Un altro 11,8 per cento si è detto invece contrario all’abolizione del valore legale perché causerebbe una diminuzione nelle iscrizioni all’università, togliendo appeal al cosiddetto “pezzo di carta”.
Ad essere favorevoli all’abolizione del valore legale della laurea sono invece il 29,21 per cento degli utenti. Più in particolare, il 25,8 per cento degli utenti ha risposto di essere d’accordo perché “se ti laurei in un ateneo migliore il titolo deve valere di più” volendo precisare quindi che i “pezzi di carta” non sono tutti uguali.
Un 3,35 per cento ha risposto di essere favorevole perché il valore legale azzera la concorrenza tra atenei, che in questo modo si ritrovano tutti – indipendentemente dalla qualità – ad offrire un titolo che ha lo stesso valore per legge.

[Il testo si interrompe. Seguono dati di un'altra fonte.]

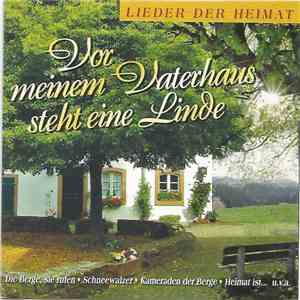 Various - Vor Meinem Vaterhaus Steht Eine Linde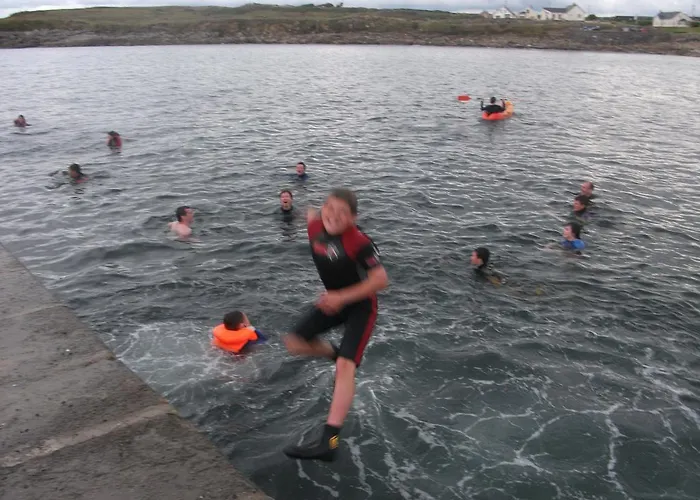 Creevy Cottages Ballyshannon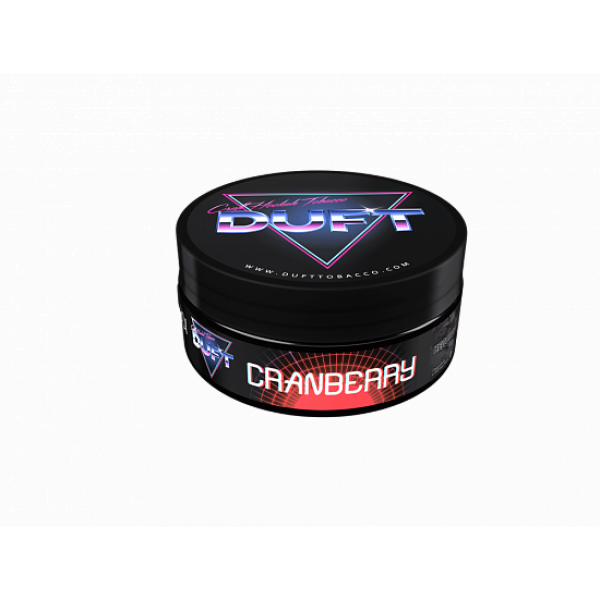 Табак Duft Cranberry 100 грамм в Казани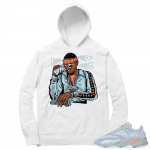 Inertia Yeezy 700 | Soulja Boy Tygaa | White Hoodie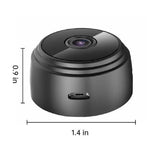 Draadloze achteruitrijcamera Full HD voor camper, vrachtwagen en aanhanger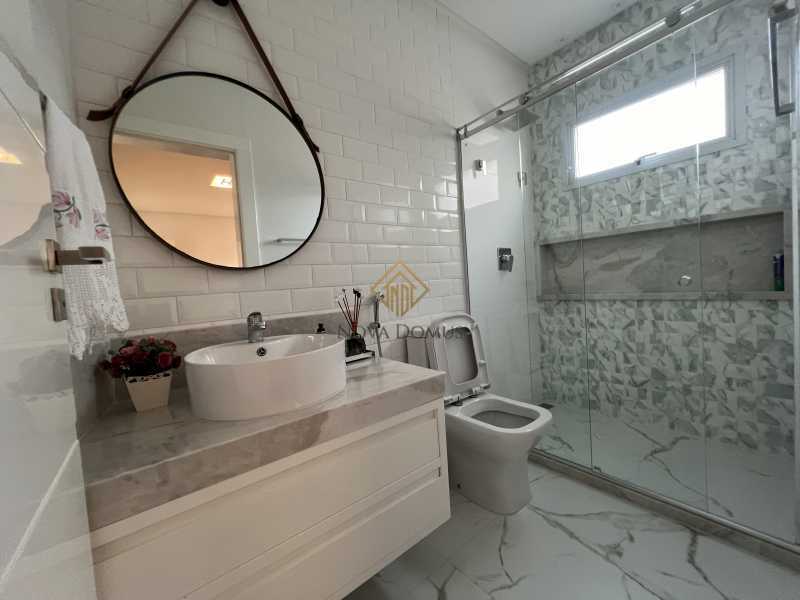 Casa em Condomínio 4 quartos à venda Vila Velha,ES Santa Paula I - R$ 5.500.000 - NDCN40002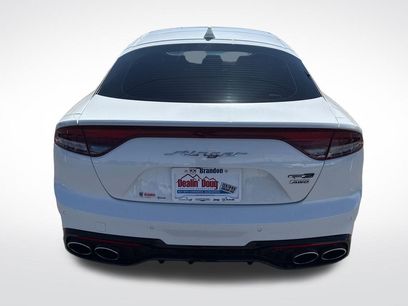 Used 2022 Kia Stinger GT-Line w/ Sun & Sound Package
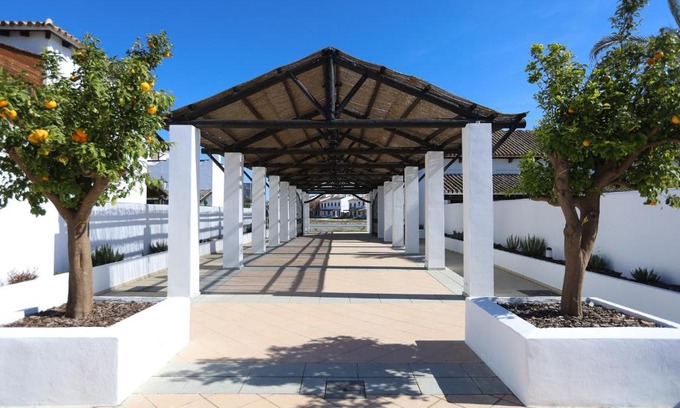 El Rocio Apartment | La Cancela Apartamentos Turísticos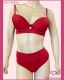 CONJUNTO TRIO BASICO PRE MOLDADO REFORCADO TACTEL COM FIO DUPLO MODELADOR E TANGA DUPLA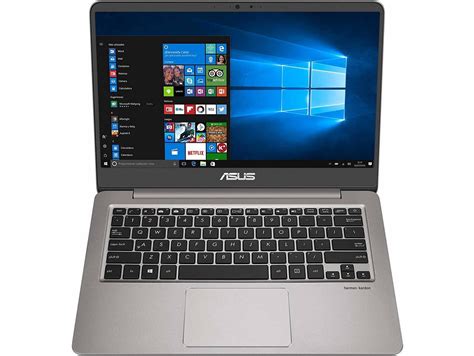 Port Til Asus Zenbook Ux Ua Gv Intel Core I U Ram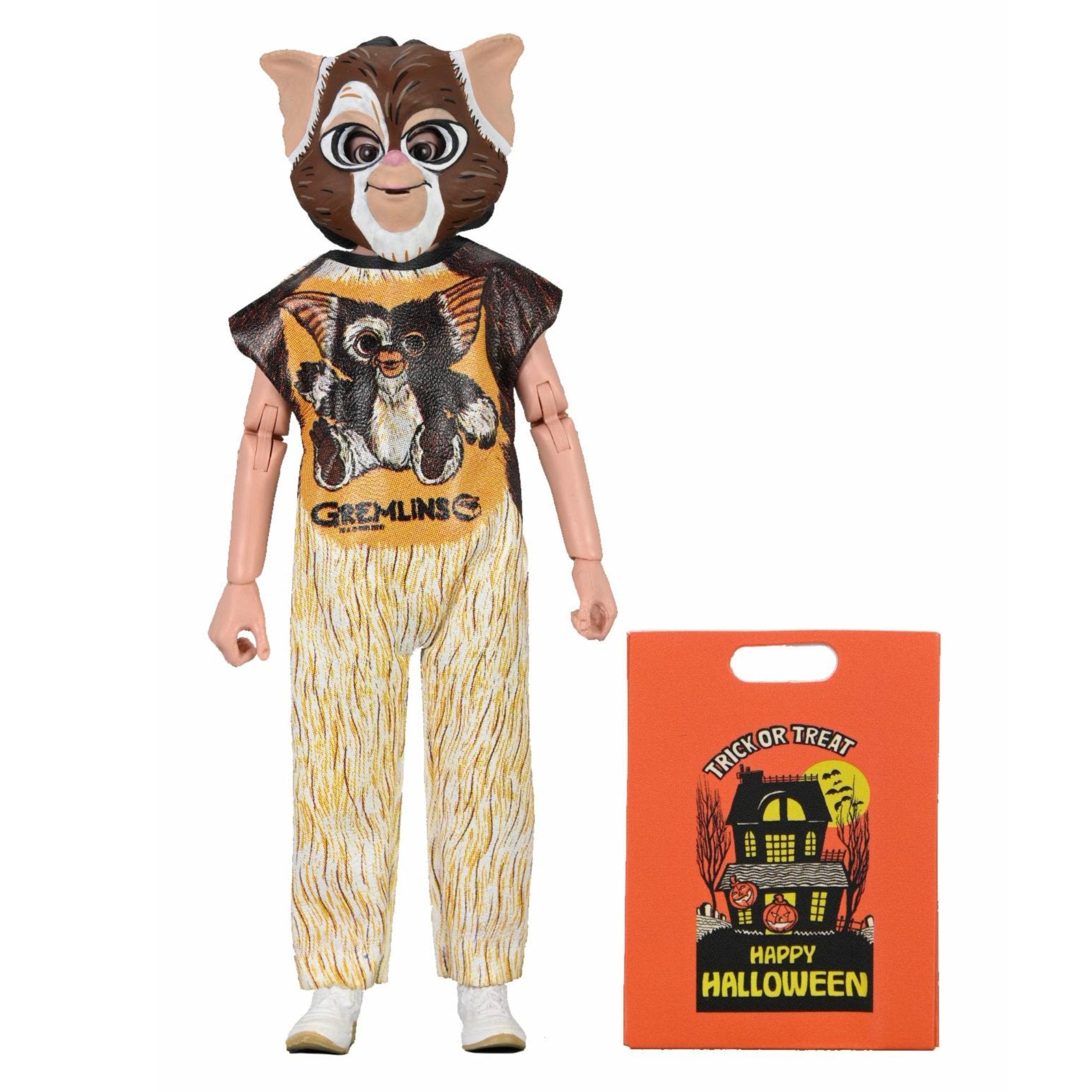 NECA Ben Cooper Costumes Series 3 Set of 4 (6 Clothed Figures)、mySite、hgirdovlk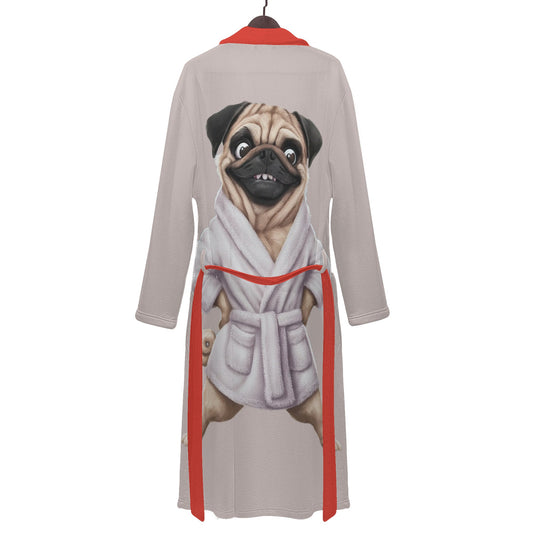 Jack - Men Bathrobe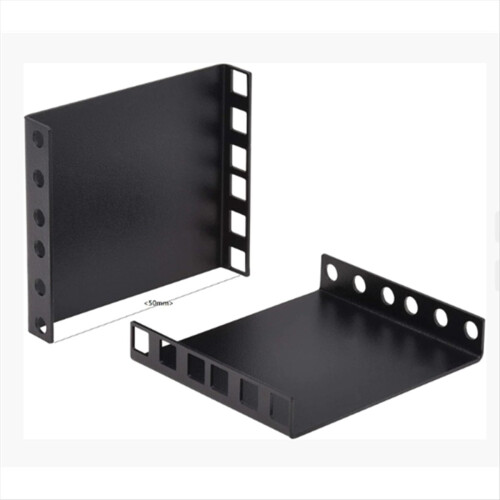 2U Server Rack Diepte Extender - Verzonken Rack Montage Adapter Kit 2
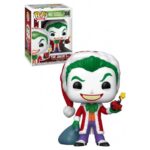 POP! DC Heroes: Holiday - Santa Joker #358
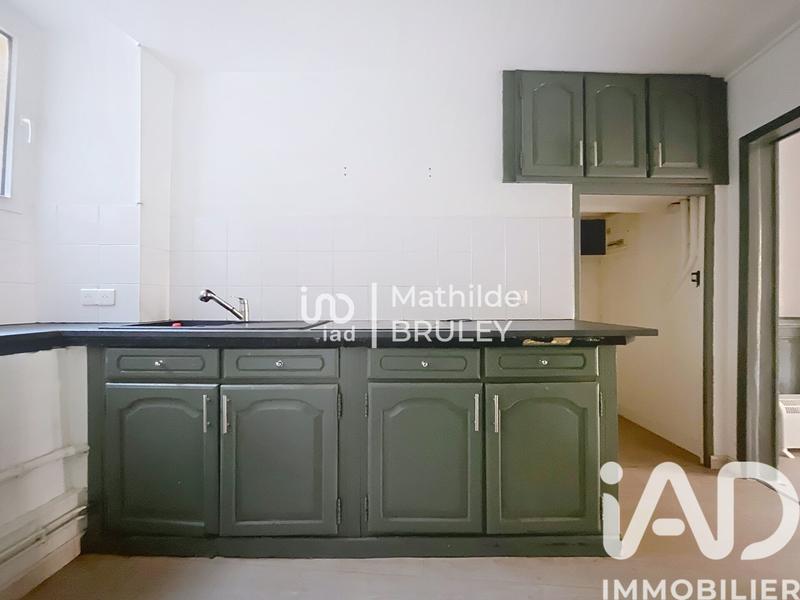 Studio - 30 m² - 1 pièce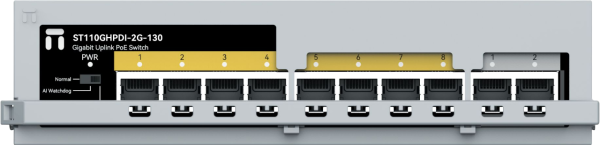 Коммутатор Netis ST110GHPDI-2G-130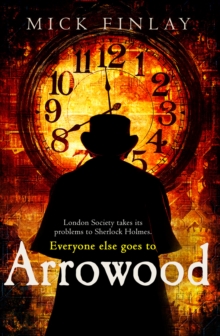 Arrowood, Hardback Book Arrowood, Hardback Book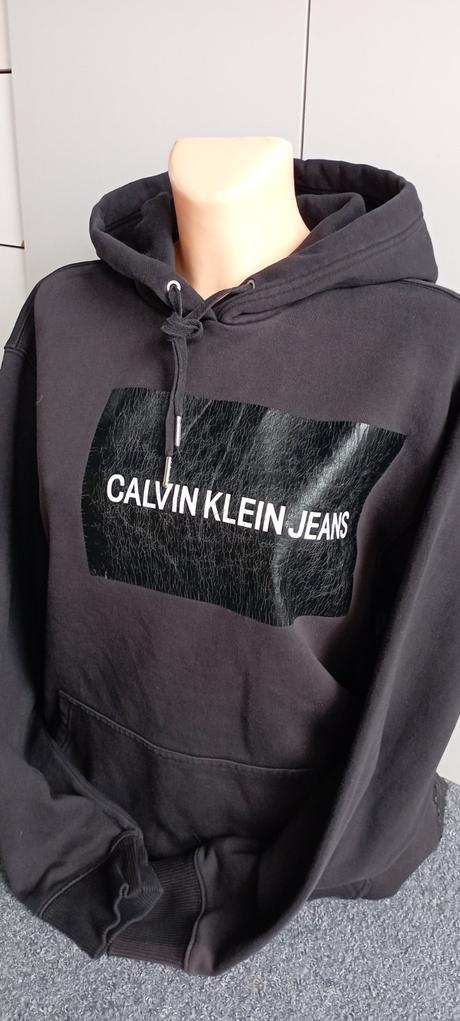 Mikina zn."calvin klein jeans", calvin klein,s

Anche se la proposta del Pdl è stata poi smentita da Berlusconi in visita all’eCampus, non è certo la prima volta che l’argomento viene affrontato in Italia, e soprattutto in un momento come questo, quando parlare di università chiama sempre più in causa il merito e la valutazione, c’era da aspettarselo. Bisogna stare attenti però, a non ricadere nella logica puramente aziendale di alcuni sistemi di valutazione che riducono le università a operatori di mercato nudi e crudi. Alla base di tutto deve restare il diritto allo studio e il ruolo dell’università come luogo di formazione e crescita per tutti.